Bug 200921 – charset override command for MailDisplay

After an evaluation, GNOME has moved from Bugzilla to GitLab. Learn more about GitLab.
No new issues can be reported in GNOME Bugzilla anymore.
To report an issue in a GNOME project, go to GNOME GitLab.
Do not go to GNOME Gitlab for: Bluefish, Doxygen, GnuCash, GStreamer, java-gnome, LDTP, NetworkManager, Tomboy.

Bug 200921 - charset override command for MailDisplay


Summary:	charset override command for MailDisplay


Status:	RESOLVED FIXED

Product:	evolution
Classification:	Applications
Component:	Mailer
Version:	unspecified
Hardware:	Other All

Importance:	Normal major
Target Milestone:	---
Assigned To:	Jeffrey Stedfast
QA Contact:	Evolution QA team

URL:
Whiteboard:	evolution[MIME]

Duplicates:	206448 208474 209759 (view as bug list)
Depends on:	202933
Blocks:

Reported:	2000-11-29 14:59 UTC by Dan Winship
Modified:	2013-09-10 13:59 UTC

See Also:
GNOME target:	---
GNOME version:	---

Description Dan Winship 2000-11-29 14:59:20 UTC

Apparently some mailers send text with explicit, but incorrect, charset
encodings.
http://lists.helixcode.com/archives/public/evolution-hackers/2000-November/001060.html

Also, we currently have no way to correctly display text sent
with no charset encoding where the real encoding is not iso-8859-1.

So, we want some sort of command to try an alternate encoding.

Emacs appears to have some ability to automagically detect the encoding of
a buffer, although it's not 100% reliable (it can't distinguish iso-8859-1
from iso-8859-2 for instance). We might want to look into that.

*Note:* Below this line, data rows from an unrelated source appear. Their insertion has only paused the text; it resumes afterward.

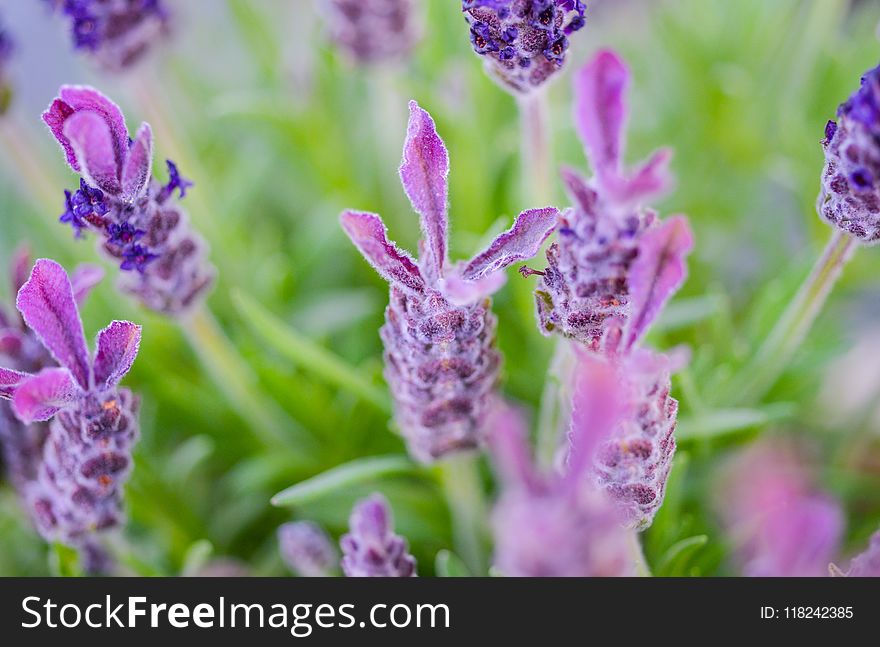 Lavender, French Lavender, English Lavender, Purple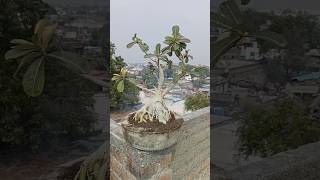 How to grow adenium plants🌿😍indianfarmer indiangardeners gardening phoolpatte adenium shorts [upl. by Ahtaga]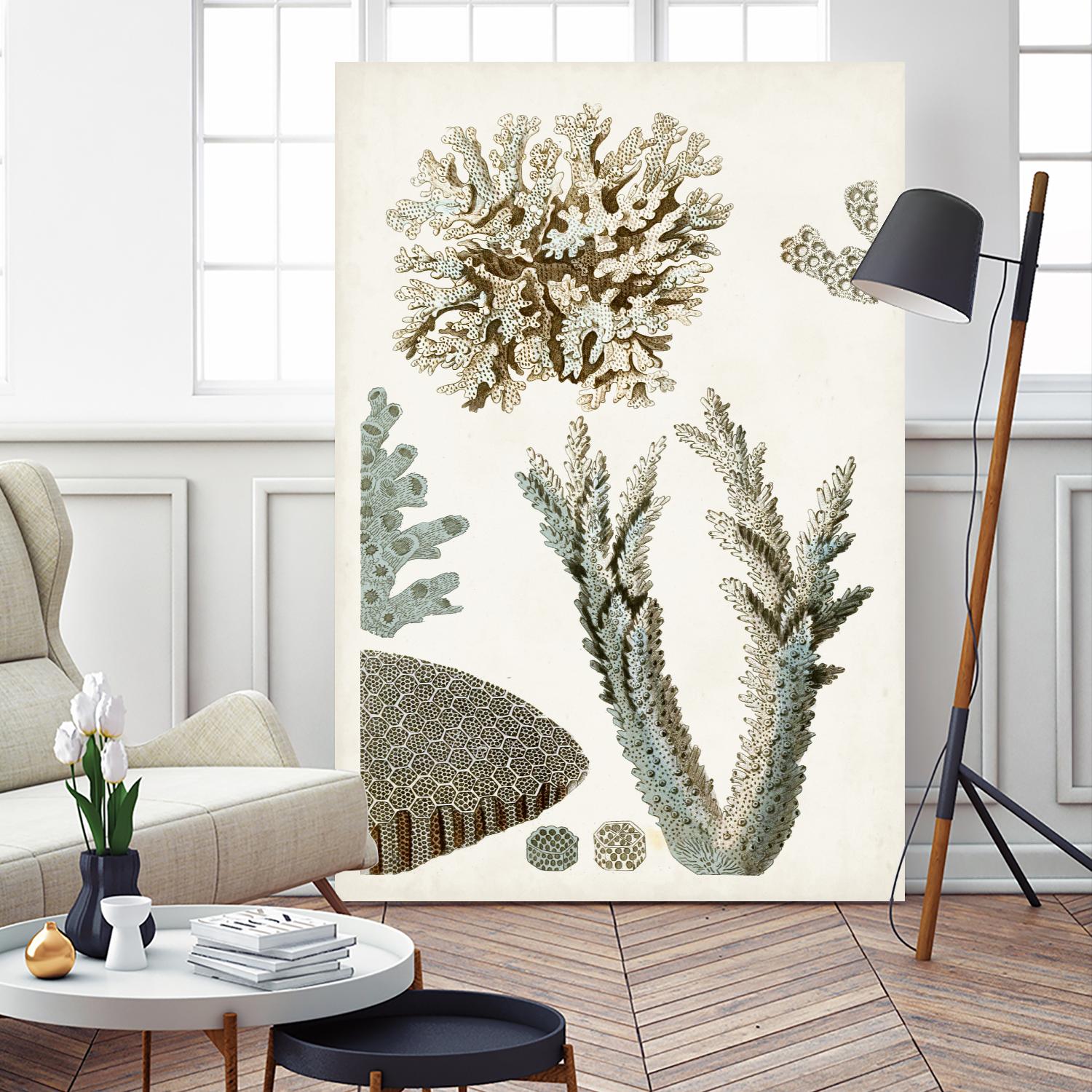 Coastal Curiosity VI by Unknown on GIANT ART - beige coastal & tropical sea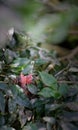 Two Baby sun birds eagerly waiting for mothers return with food, bird children opens mouth thinking parent came with Royalty Free Stock Photo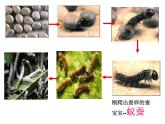 教科版（三起）科学三年级下册第二单元2《蚕的生长变化》 课件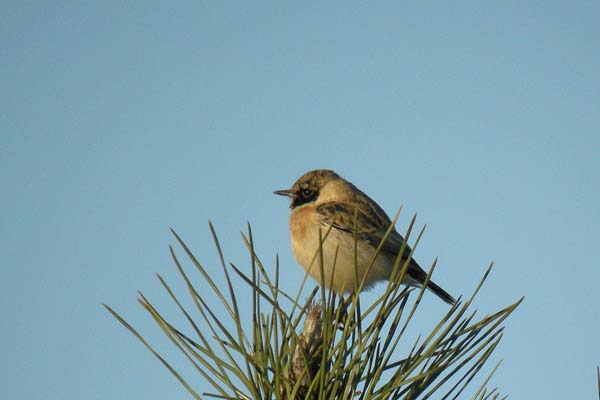 Siberian Stonechat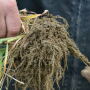 CTIC_cover_crop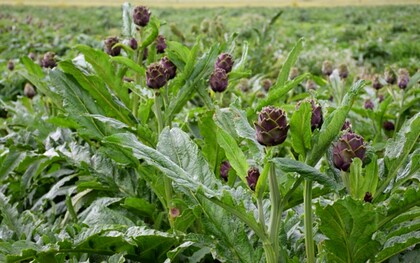 Il carciofo brindisino IGP è una delle eccellenze orticole della Puglia, riconosciuto per la sua tenerezza e il sapore delicato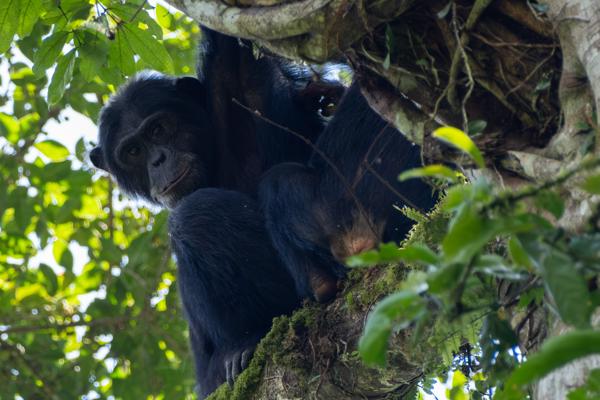Kayanga, Uganda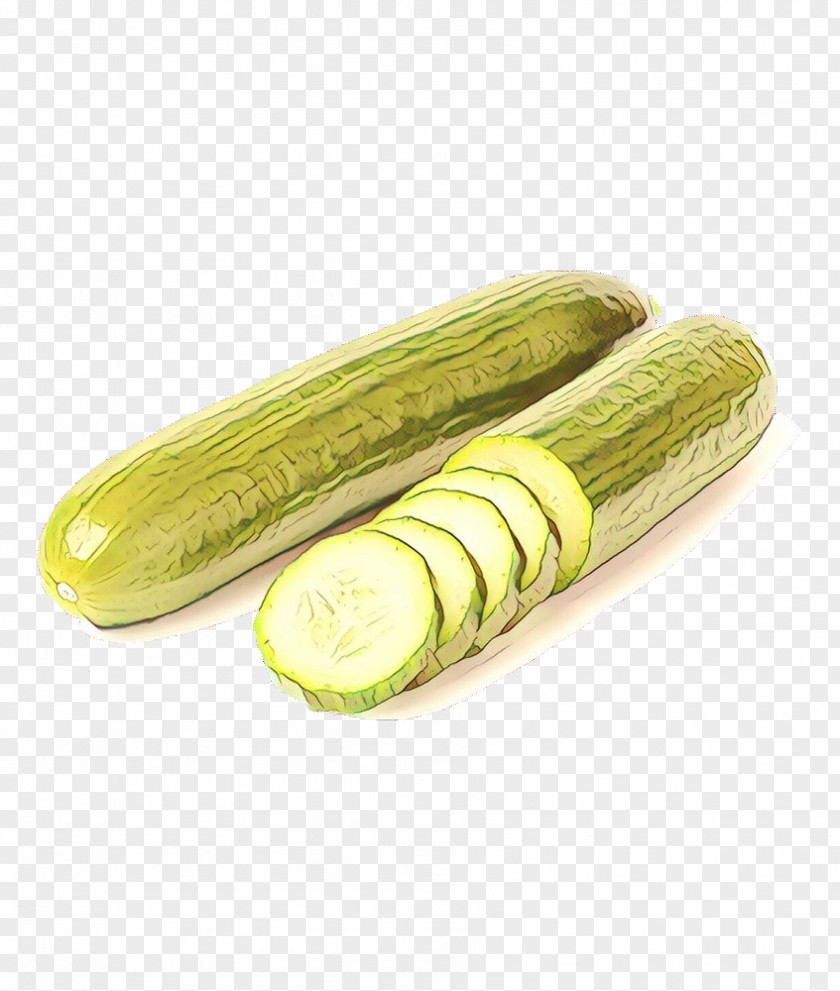 Luffa Armenian Cucumber Summer Plant PNG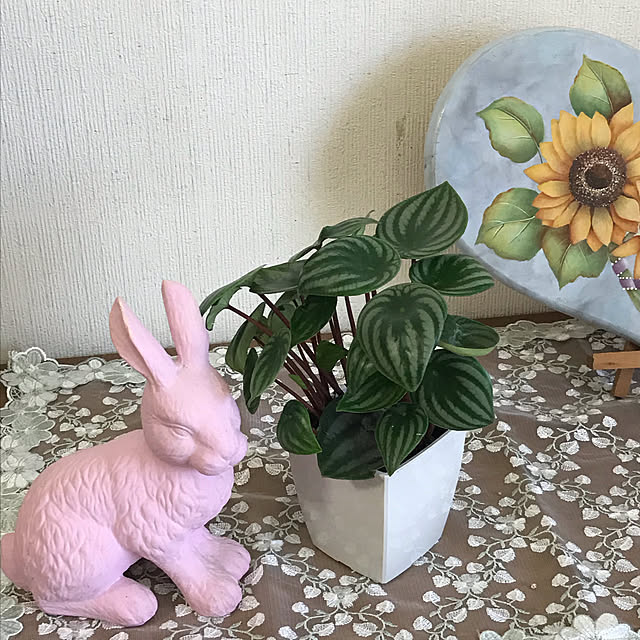 yukarinさんの実例写真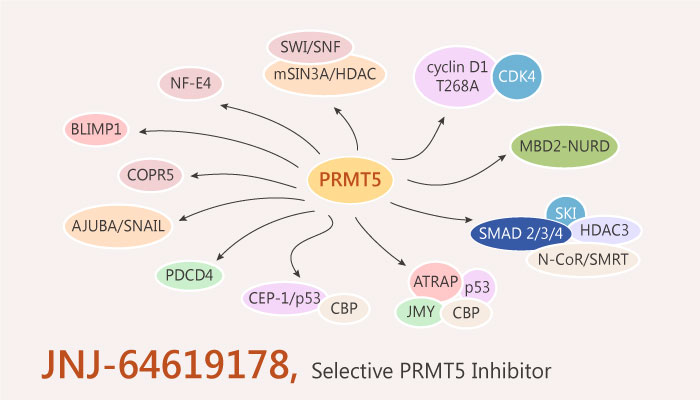 JNJ 64619178 PRMT5 Inhibitor Lung Cancer 2019 04 22 - JNJ-64619178 is a Selective PRMT5 Inhibitor with Potent Activity In Lung Cancer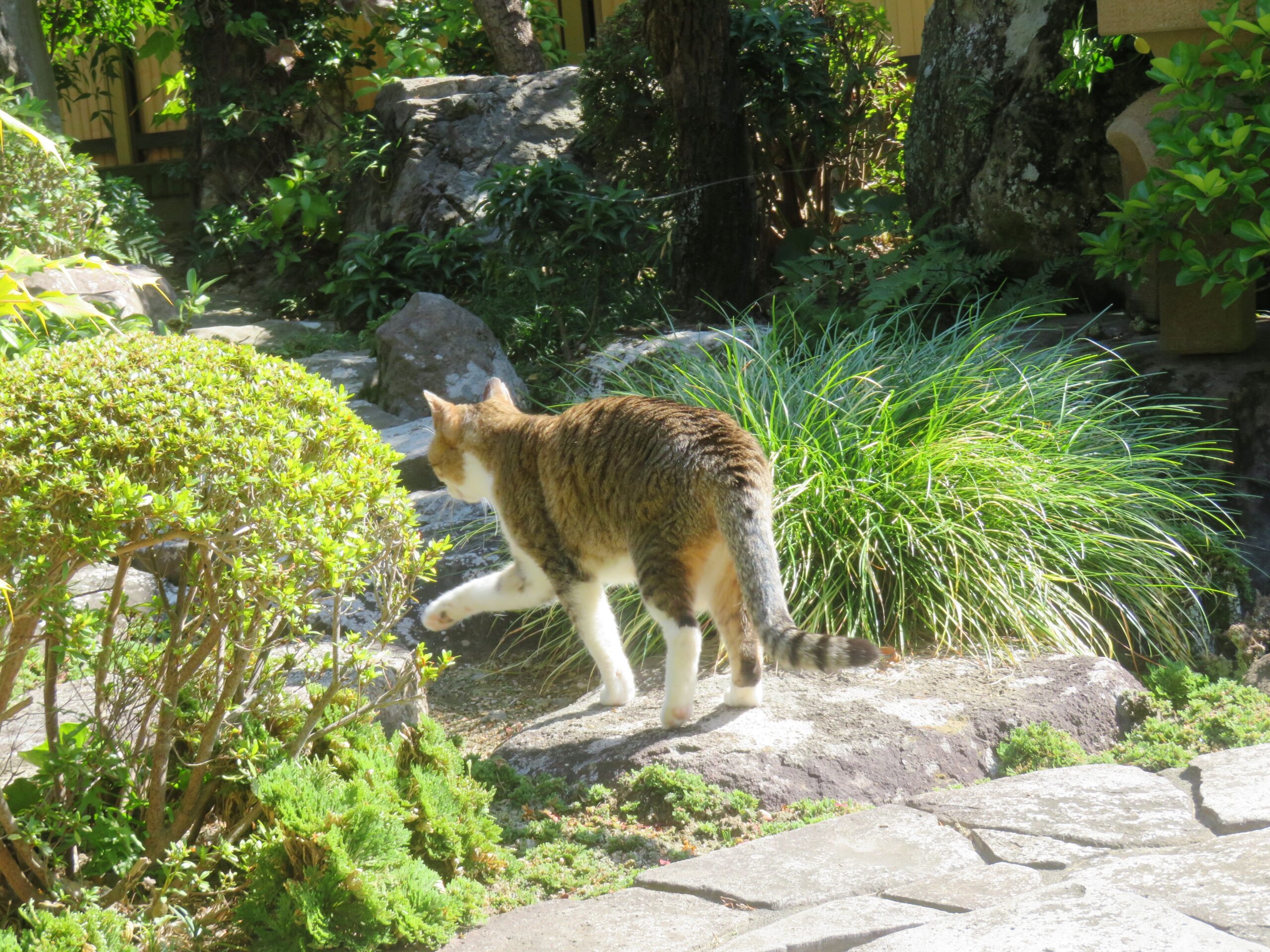 ねこ、風太 巡回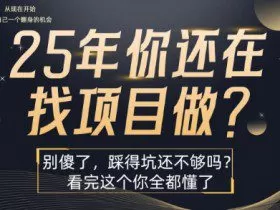 25年，你还在疯狂的找项目吗？别傻了，看完这个你都懂了【揭秘】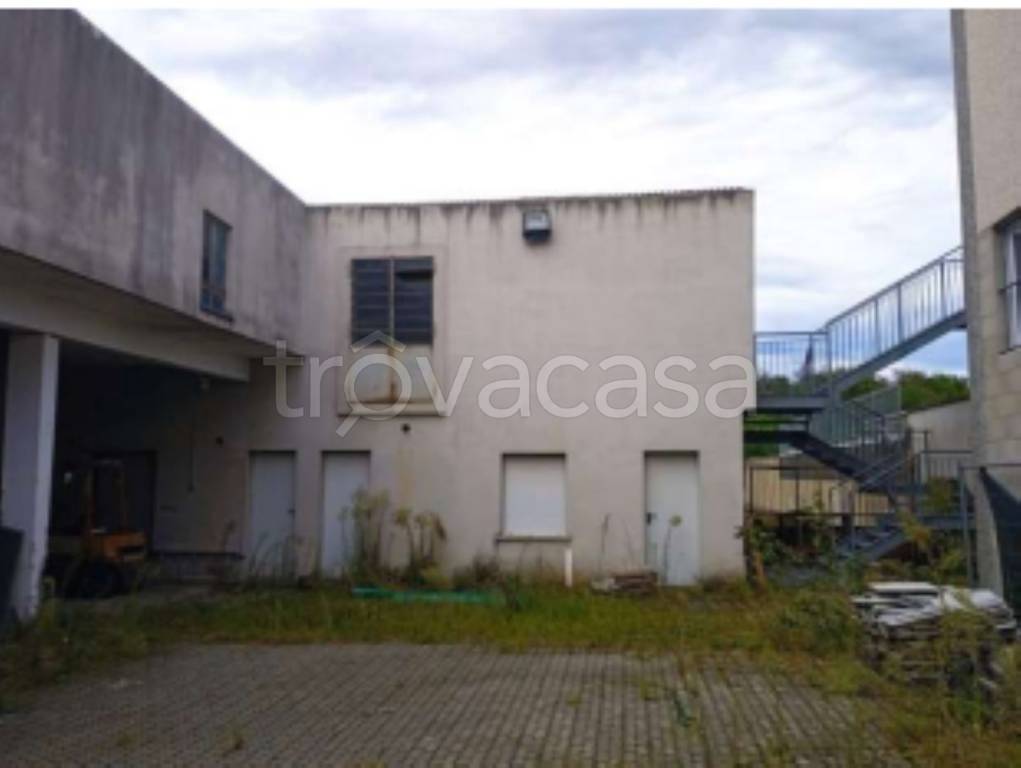 immagine annuncio 5 di 11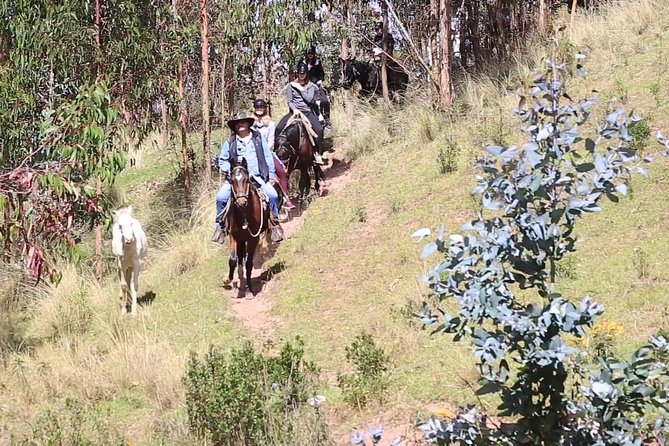 Cusco Day Tour Horse Riding Mystic Tour Full Service The Most Recommended - Why the personal guiding matters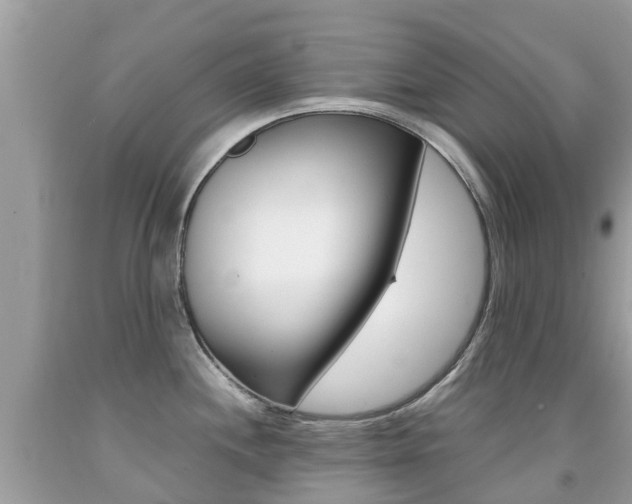 X0000091941244200709051255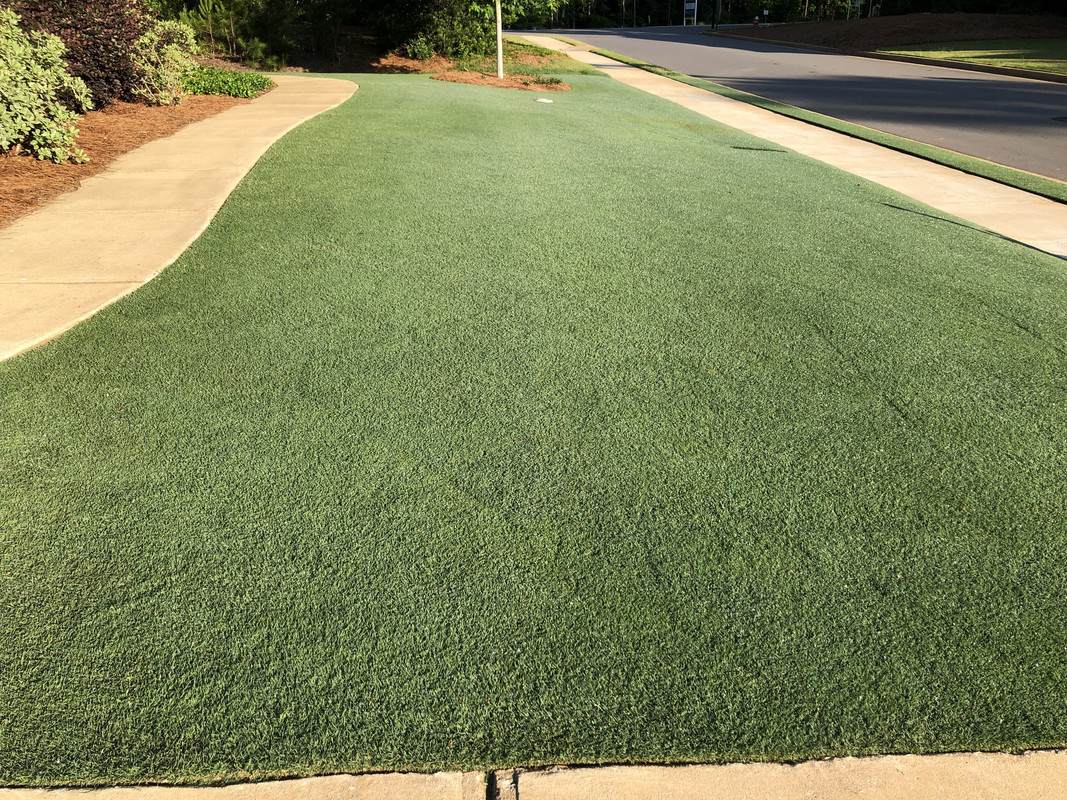 4195F79A-55F6-4E53-A36F-A1E077D1626F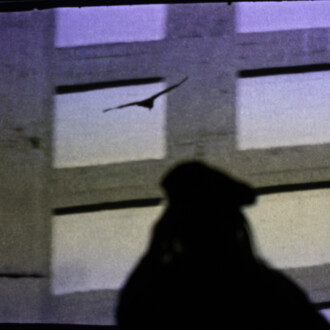 Luiz Roque, Geier, ausstellungsansicht. Mit freundlicher genehmigung der Pinacoteca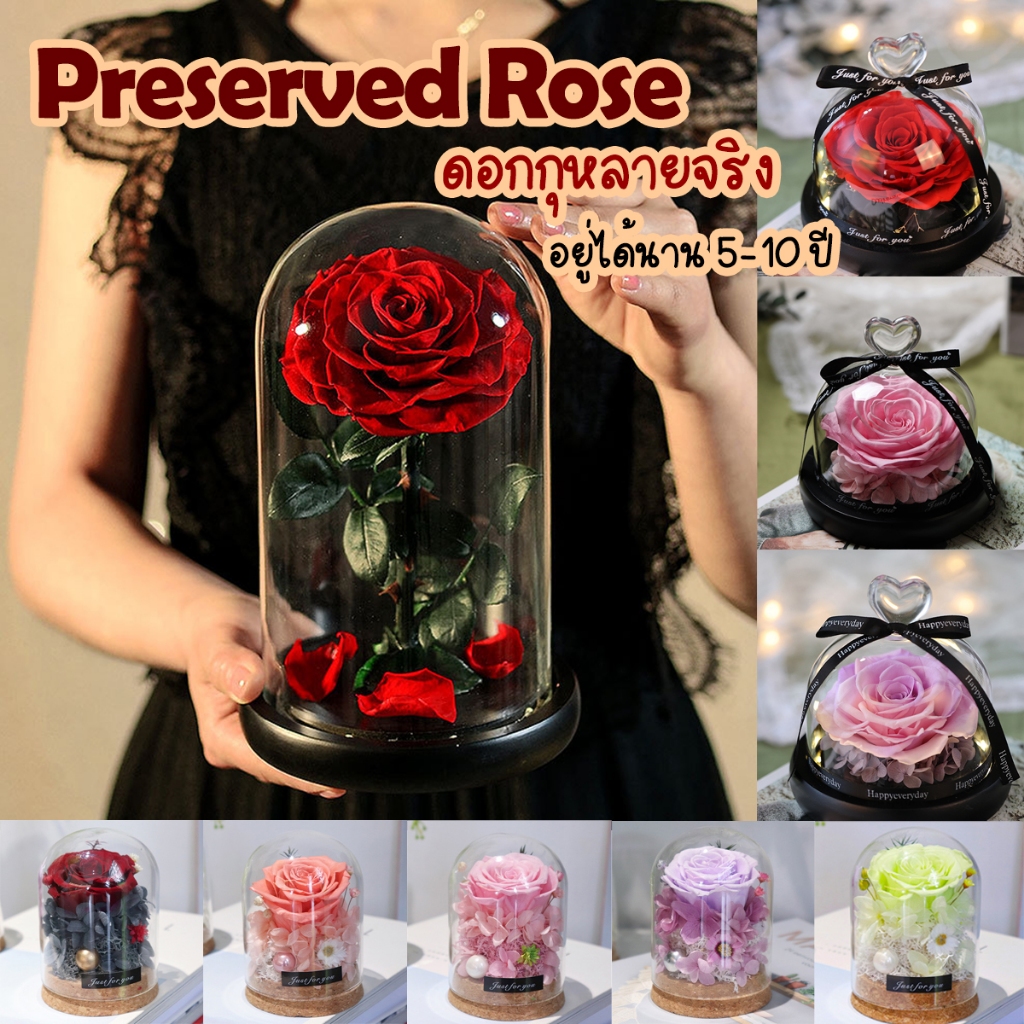 [ พร้อมส่ง] กุหลาบจริงนาน5-10ปี ดอกกุหลาบอมตะ Preserved Rose ของขวัญวาเลนไทน์ ดอกกุหลาบ Valentine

Comment 1 Not Zed 2001-07-17 01:36:51 UTC

Ok, I see 3 major scenarios with this:

1. the charset specified exists, we convert it to utf8 inside the
message.  When the user asks for a different charset, we convert it
from utf8 back to the charset specified in the message, then we
convert from that, saying its the user's charset, back to utf8, for
display.
2. the charset specified doesn't exist or we dont know about it.  In
this case we'll have the raw charset stored in the message, we just
convert that to utf8 using the charset the user asks for.
3. the charset specified exists but the content contains characters
outside of that charset.  In this case the conversion to utf8 may be
incomplete, so conversion back may also be incomplete.  Not sure what
we do about this case.

For conversion we can just use a stream-filter to write to, with the
right filters attached, as we write the stream to memory for
processing in the display code.  So its probably not all that hard to
handle, and maybe add a charset parameter/member to the messagedisplay
api, or something like that.

Its probably not worth adding the automatic charset detector, although
I guess it could be used to prompt the user.

Comment 2 Dan Winship 2001-07-17 14:14:50 UTC

iconv() tells you when it either can't translate, or badly translates
characters. So the code can detect when case #3 is happening and bail
out and fall back to case #2.

For #1, there's the possibility that foo -> UTF8 -> foo isn't an
identity, because there could be multiple ways of representing
the same characters (by decomposing accents or whatever). This
might be enough of an edge case that we don't care though.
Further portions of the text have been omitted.